The SRF Essay Prize was renamed in honour of Dr Stewart Rhind who was tragically killed in a car accident in March 2013, along with his colleague Dr Julian Dawson. Click here to read more about Dr Rhind and why Professor Mick Rae, a friend and colleague of Dr Rhind, feels that renaming the essay competition was a suitable way for the Society to remember Stewart and his contributions.
- The essay must be about an aspect of reproductive biology and will be assessed on scientific content, style and topicality.
- The essay should be written in a style accessible to the educated non-specialist reader (similar to a New Scientist or Scientific American article – see previous winning essays below for examples). Course essays written in a standard scientific style are unlikely to be successful in the competition.
- NEW! From 2018, there are no longer two parallel competitions for undergraduate and postgraduate entries. All entries will be judged together for one prize.

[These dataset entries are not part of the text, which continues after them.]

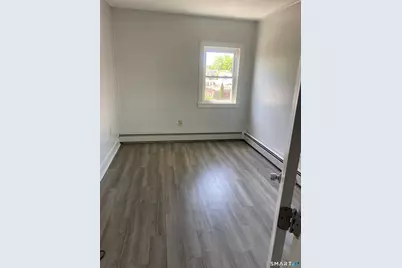 104 Spring Street, Windsor Locks, CT 06096 - Photo 19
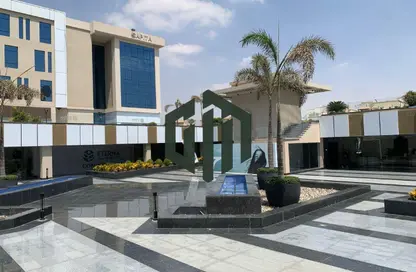 محل تجاري - استوديو - 1 حمام للايجار في وان جولدن سكوير مول - التجمع الخامس - مدينة القاهرة الجديدة - القاهرة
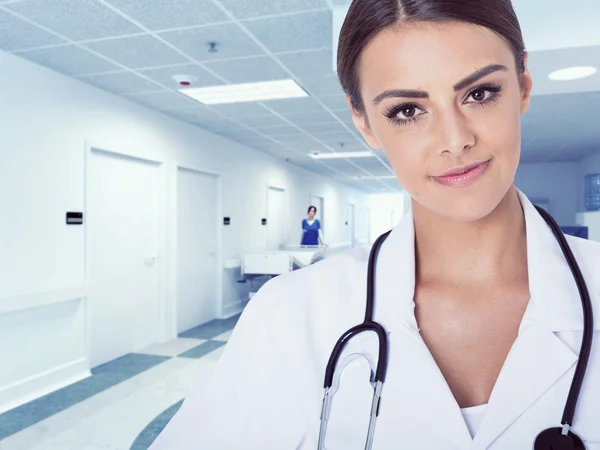 Retrato de médico mulher no corredor do hospital . — Fotografia de Stock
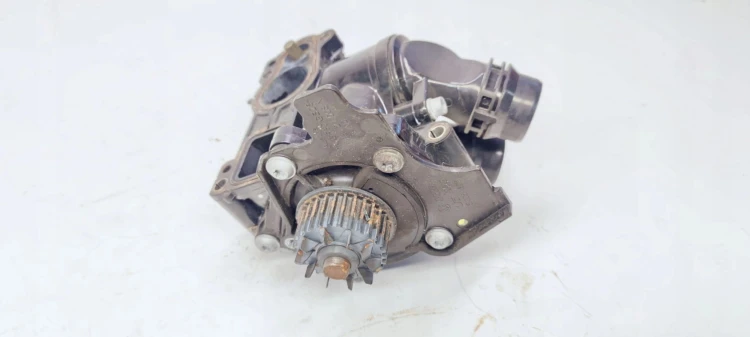 POMPA WODY AUDI A3 A4 A5 1.8 2.0 TFSI 06H121026BA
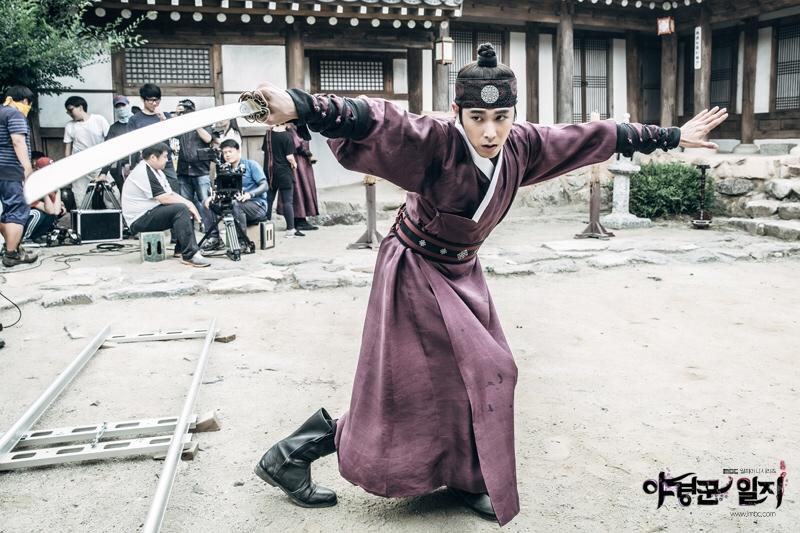 BtXvYr0CcAEklEq.jpg:large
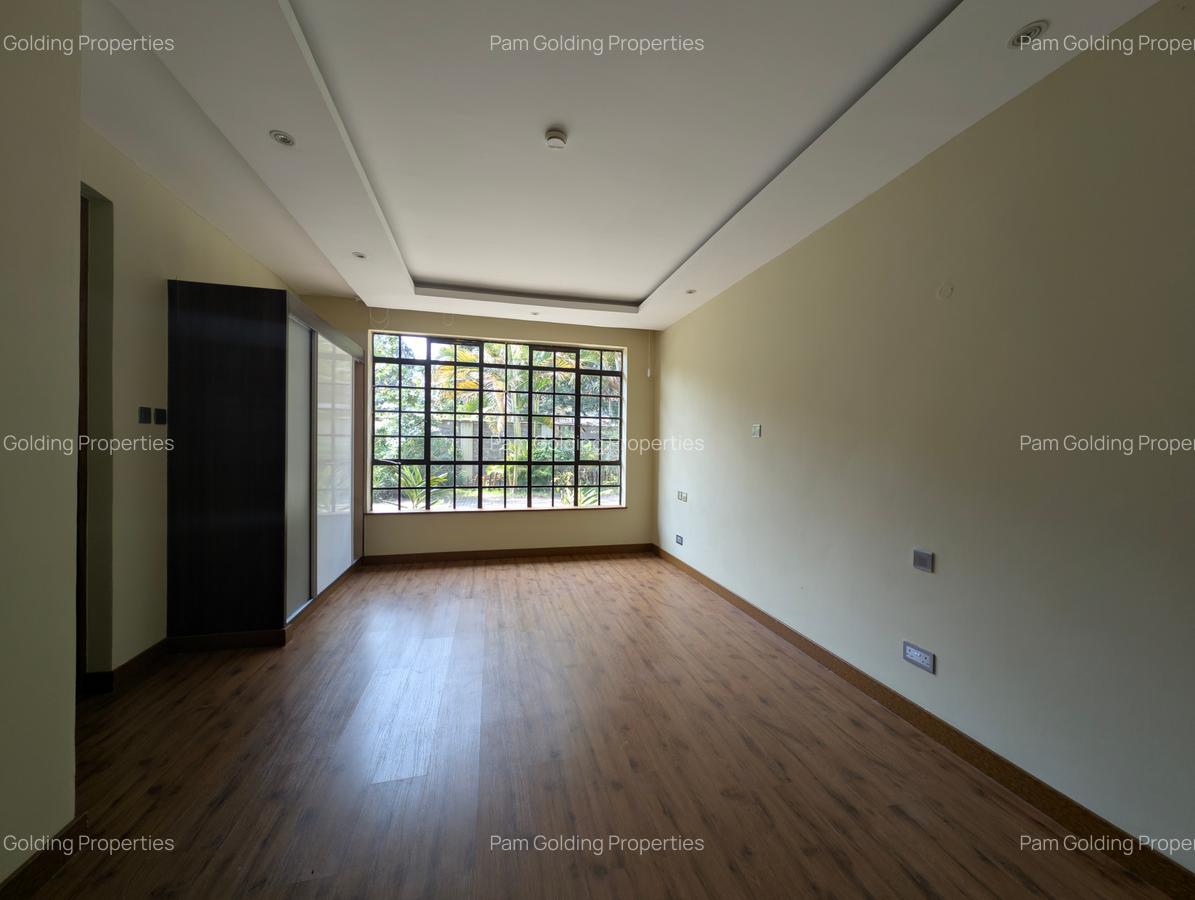 5 Bed House with En Suite in Runda - 8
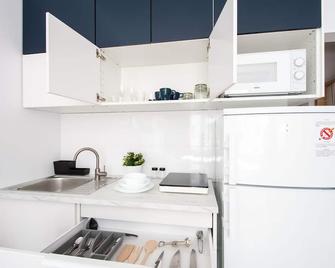Unit Airport Miniapartments Bitwy Warszawskiej Warszawa - Warszawa - Køkken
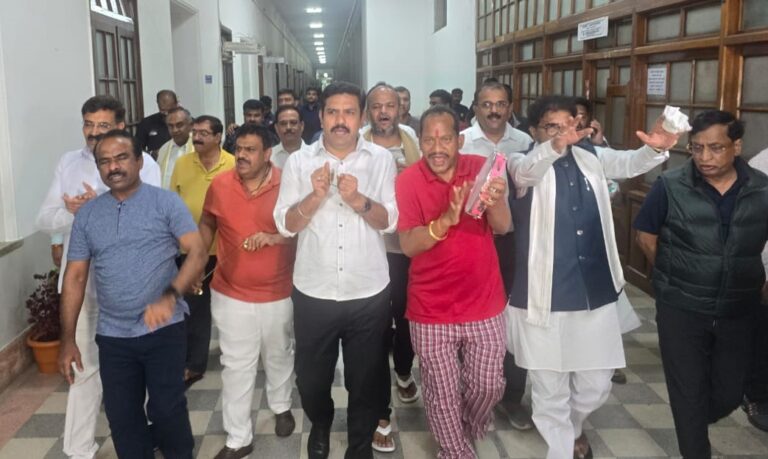 ಮುಡಾ ಹಗರಣ ಚರ್ಚೆಗೆ ಆಗ್ರಹಿಸಿ ‘ಕಮಲ-ದಳ’ ಶಾಸಕರಿಂದ ಅಹೋರಾತ್ರಿ ಧರಣಿ; ವಿಧಾನಸೌಧ ಕಾರಿಡಾರ್‌ನಲ್ಲಿ ಭಜನೆ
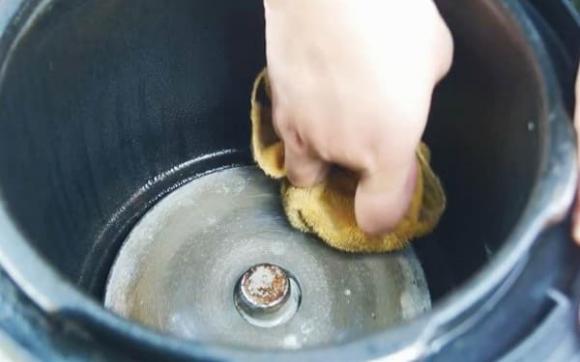 Bên trong và bên ngoài của nồi cơm điện đầy những thứ bẩn, dạy bạn một mẹo nhỏ, lau sạch và sáng choang như mới trong 3 phút-4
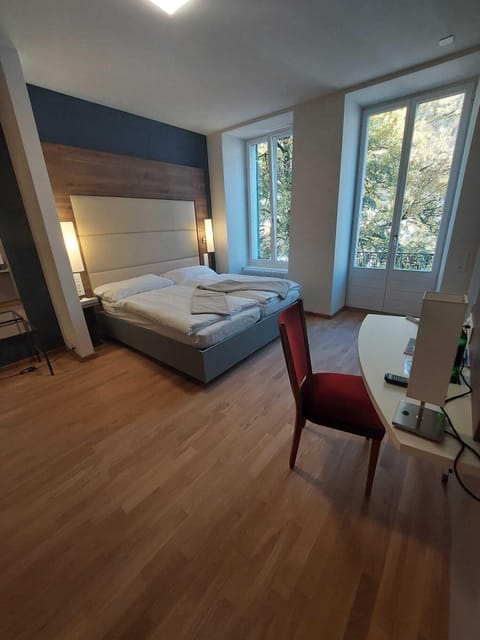 Premium Room | In-room safe, desk, laptop workspace, blackout drapes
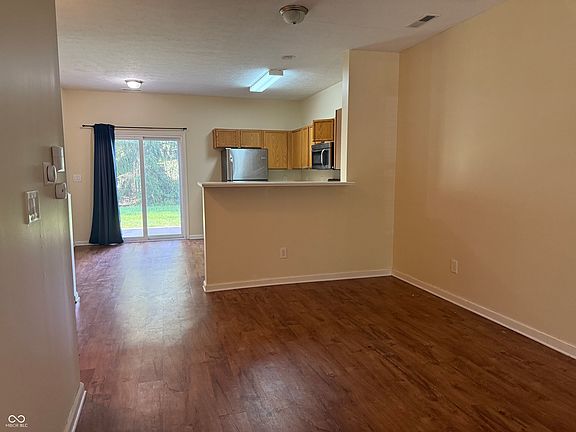 4th image of 4932 Tuscany Ln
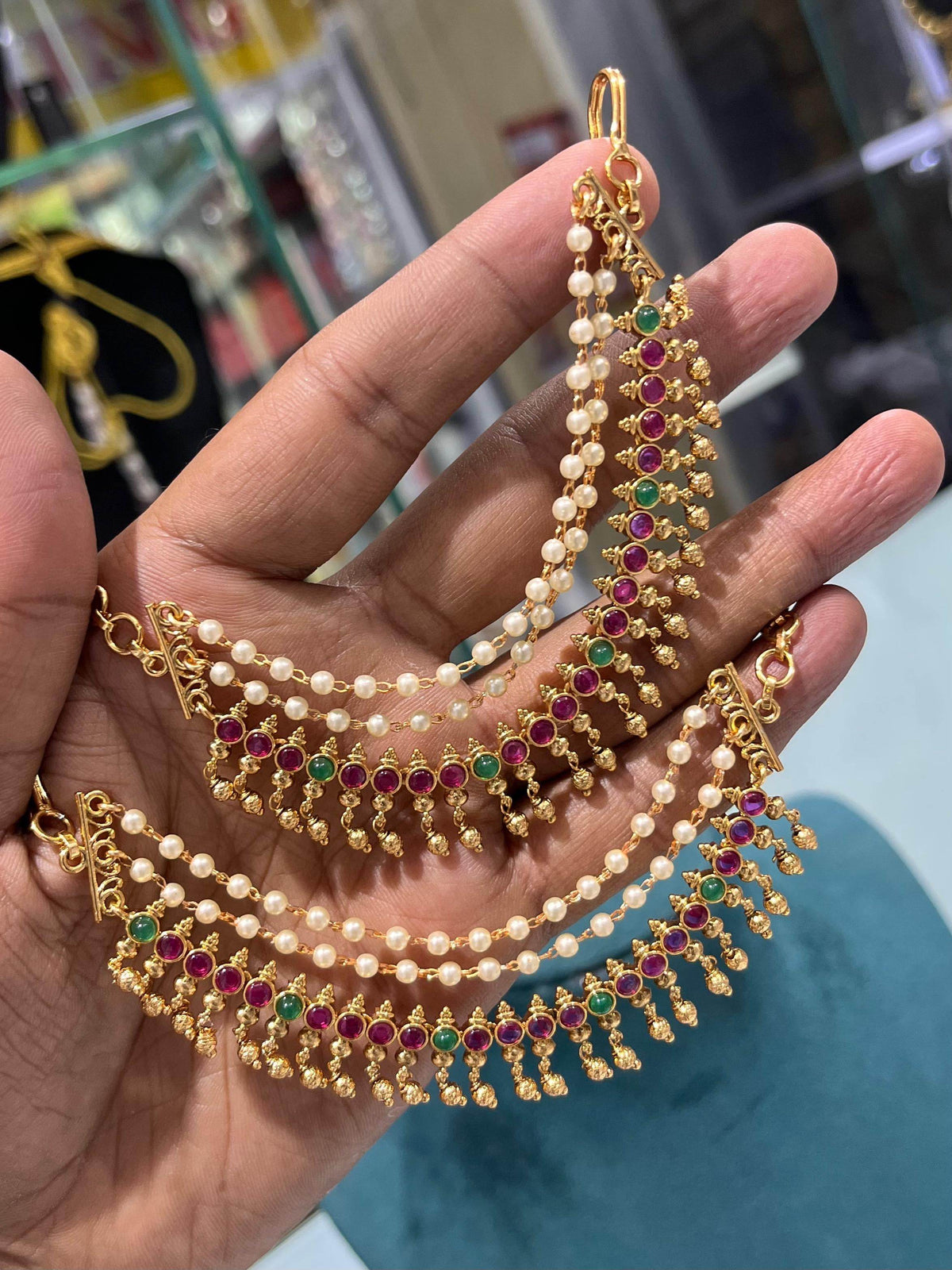 Premium Matt with Kempu Stones Ear Chains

- The winner will receive a prize of £500, one year’s free membership of the SRF and will be invited to attend the Fertility meeting (January 2019) to receive their prize. The winning entry will be published on the SRF website.
- Entrants must be attending a university in the UK or Ireland to be eligible to enter.
- Essays from graduate entry medical and veterinary students are welcome.
- Previous winners of the essay prize are not eligible to re-enter the competition.
- The essay should be no more than 2000 words in length (including references).
- Entries must include a cover page detailing the following information:
– Author’s name
– Author’s address, contact telephone number and email address
– Degree title, year of study and institution
- Entries should be written in a style accessible to the educated non-specialist reader.
- Entrants must ensure that all figures comply with UK copyright regulations.
- Essays must be submitted by email (as MS Word documents) to the SRF Secretariat at email@example.com
- SRF reserves the right to scan submissions electronically to detect plagiarism.
- SRF reserves the right to withhold the prize in the event that no entry is deemed to be of a sufficiently high standard.
- By submitting an essay, the author agrees to transfer copyright to the SRF and to allow the Society to disseminate the essay in electronic and print media.
The Stewart Rhind Science Writing Prize 2016 was awarded to Ms Lina Zakarauskaite (3rd year, BSc Hons in Biomedical Sciences, University of Edinburgh) for her essay entitled ‘The evolution of sex chromosomes and dosage compensation in mammals’.
No postgraduate prize was awarded in 2016.